## Exercise details:
When the listing below reaches the line that has "I will compare", start reproducing exactly; stop after the line that has "Wherever you call", and drop the pictures.

## Listed records:

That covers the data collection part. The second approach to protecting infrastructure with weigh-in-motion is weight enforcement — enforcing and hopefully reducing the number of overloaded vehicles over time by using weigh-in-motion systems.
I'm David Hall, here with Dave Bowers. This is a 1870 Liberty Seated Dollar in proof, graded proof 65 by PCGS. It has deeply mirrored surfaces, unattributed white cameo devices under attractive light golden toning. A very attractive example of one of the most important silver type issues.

--

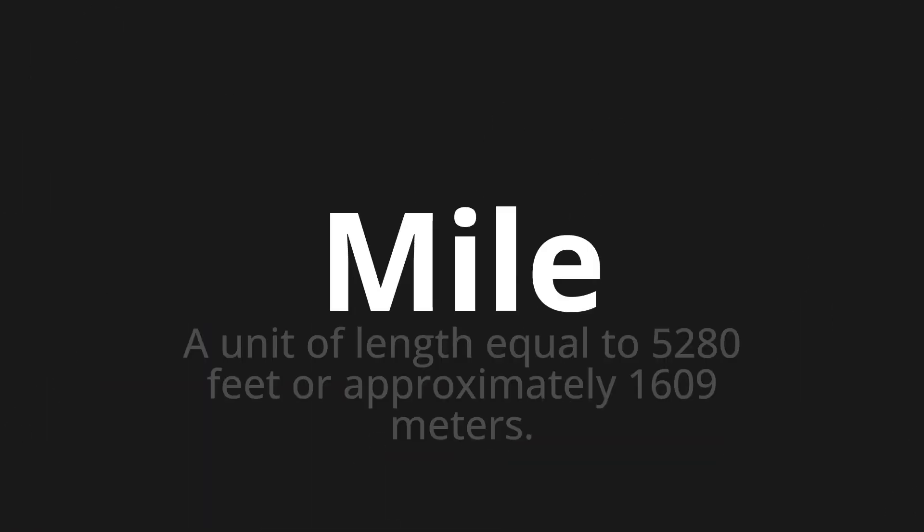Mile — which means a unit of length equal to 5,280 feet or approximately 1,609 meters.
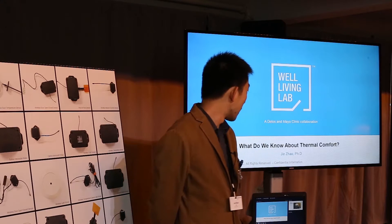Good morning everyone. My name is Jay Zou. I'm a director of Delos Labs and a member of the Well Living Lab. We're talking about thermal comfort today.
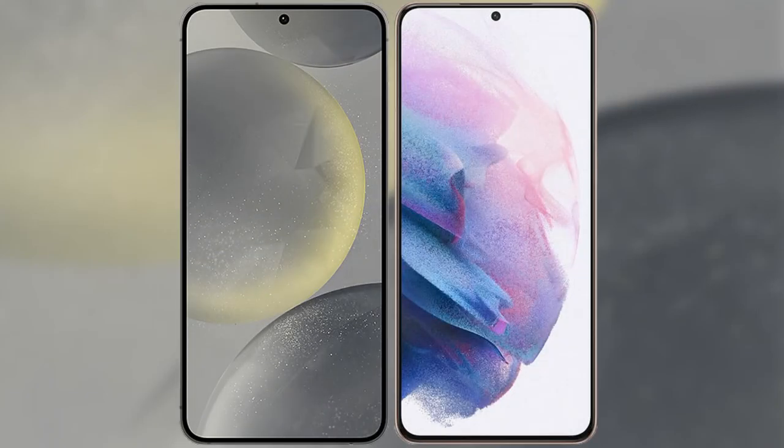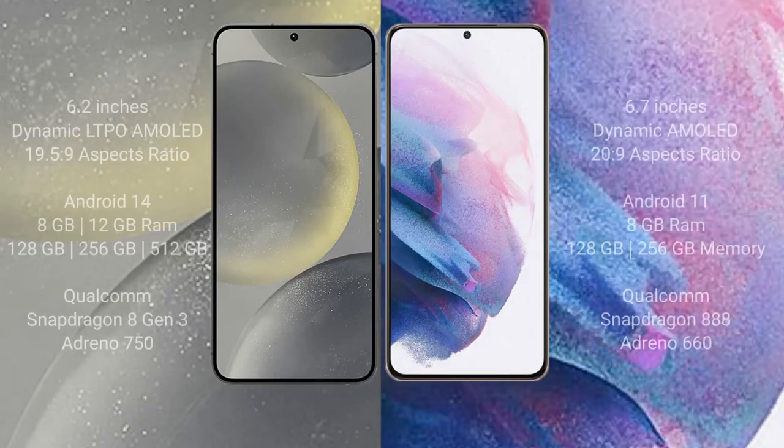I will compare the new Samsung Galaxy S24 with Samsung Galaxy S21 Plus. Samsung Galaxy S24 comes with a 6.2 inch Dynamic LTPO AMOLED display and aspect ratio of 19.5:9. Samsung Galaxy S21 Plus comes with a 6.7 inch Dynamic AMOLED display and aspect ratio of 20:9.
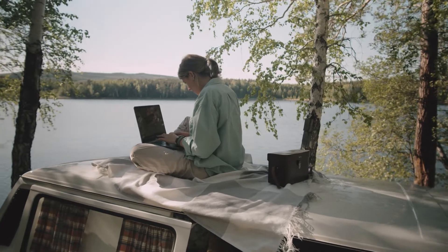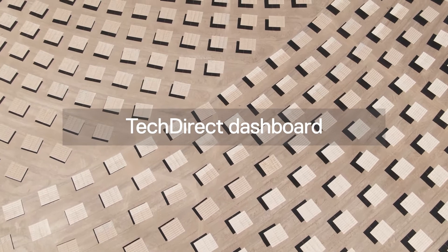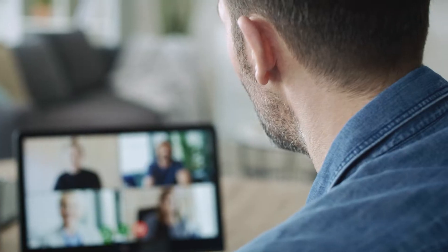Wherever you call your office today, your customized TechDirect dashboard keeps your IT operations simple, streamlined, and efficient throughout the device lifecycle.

---

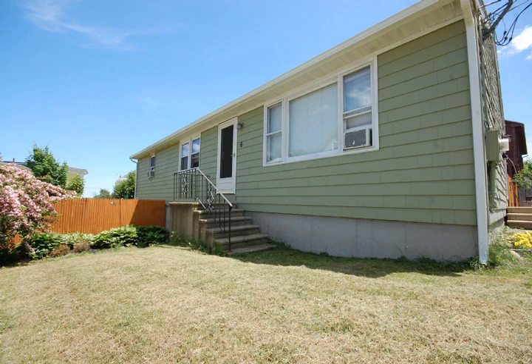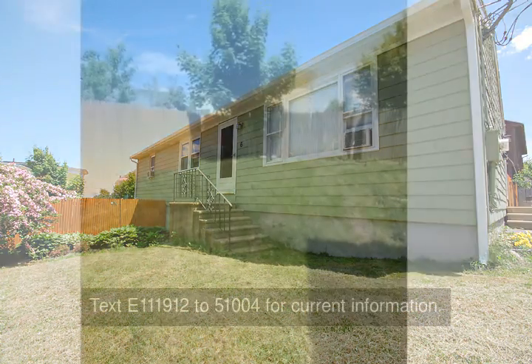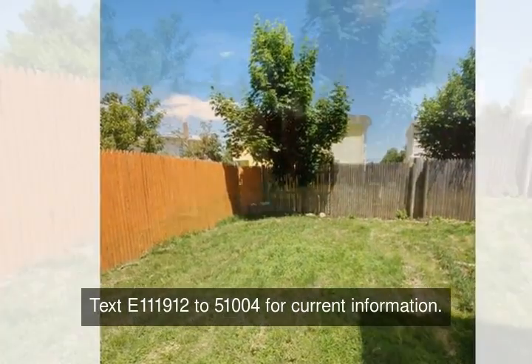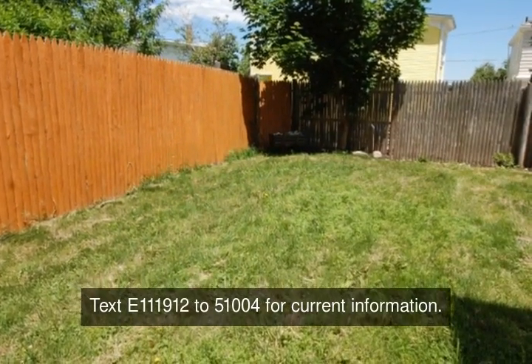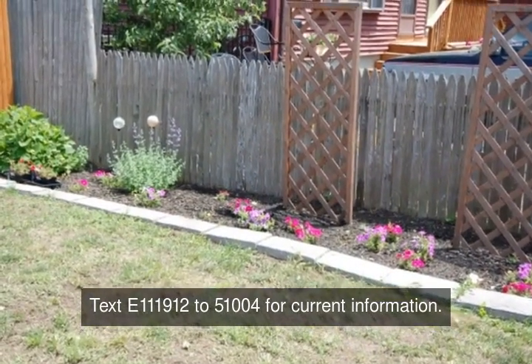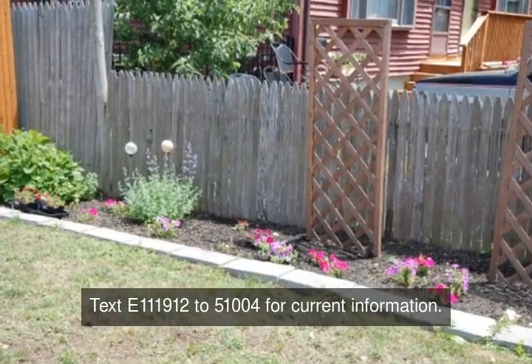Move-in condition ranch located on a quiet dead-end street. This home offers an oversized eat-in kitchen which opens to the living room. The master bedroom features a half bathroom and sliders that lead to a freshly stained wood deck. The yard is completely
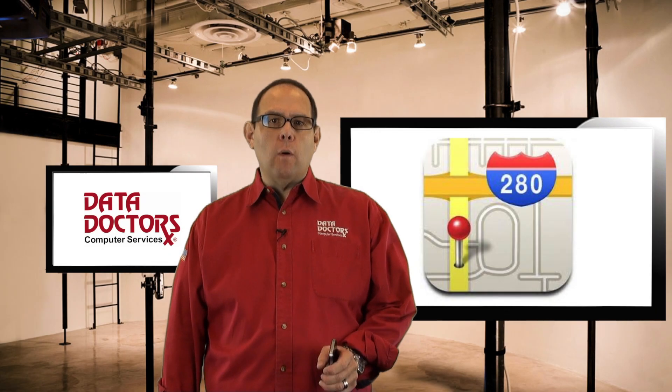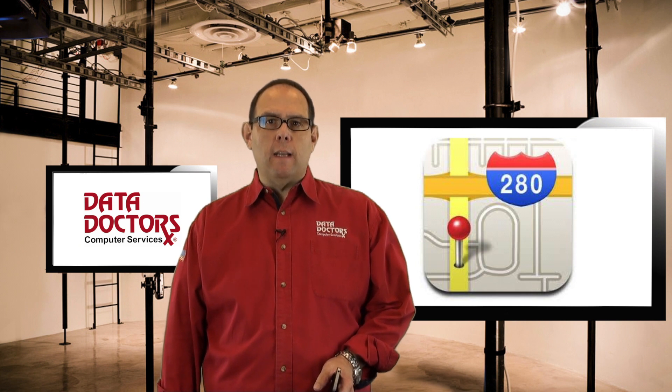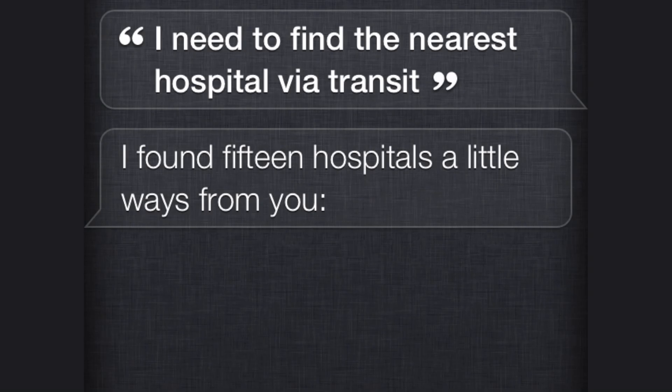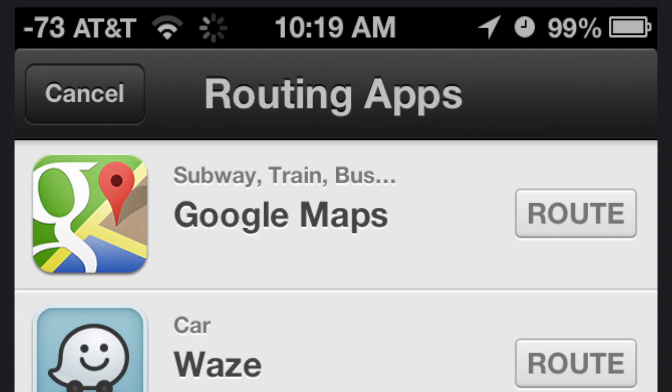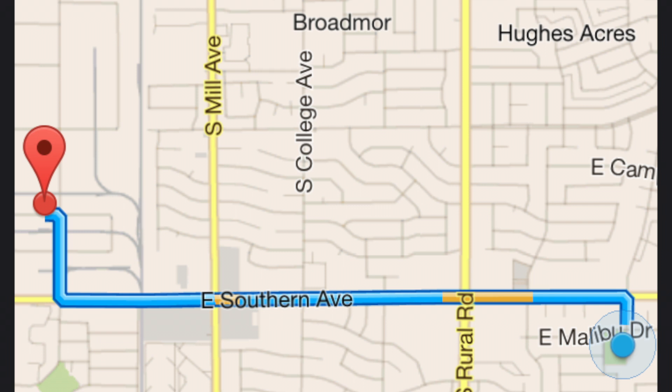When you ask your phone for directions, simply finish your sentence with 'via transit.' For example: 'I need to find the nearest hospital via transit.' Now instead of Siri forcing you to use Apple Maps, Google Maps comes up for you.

## Result for this task:
I will compare the new Samsung Galaxy S24 with Samsung Galaxy S21 Plus. Samsung Galaxy S24 comes with a 6.2 inch Dynamic LTPO AMOLED display and aspect ratio of 19.5:9. Samsung Galaxy S21 Plus comes with a 6.7 inch Dynamic AMOLED display and aspect ratio of 20:9.
Wherever you call your office today, your customized TechDirect dashboard keeps your IT operations simple, streamlined, and efficient throughout the device lifecycle.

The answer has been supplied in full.